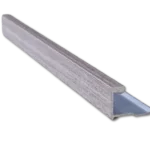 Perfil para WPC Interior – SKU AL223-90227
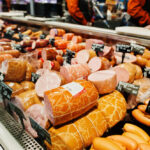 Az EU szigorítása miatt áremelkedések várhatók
******
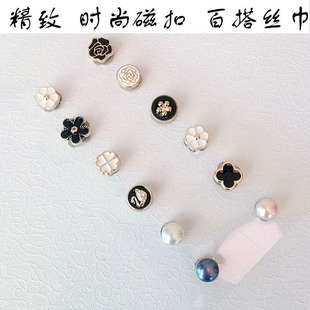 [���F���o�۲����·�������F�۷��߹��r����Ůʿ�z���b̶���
******
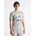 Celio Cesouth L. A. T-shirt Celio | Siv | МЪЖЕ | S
******
An exact transcription is needed of the lines from the one with "Perfil para WPC Interior – SKU AL223-90227" to the one with "Az EU szigorítása" above, both ends included, with pictures left out.

Result for this task:
 Perfil para WPC Interior – SKU AL223-90227
 Az EU szigorítása miatt áremelkedések várhatók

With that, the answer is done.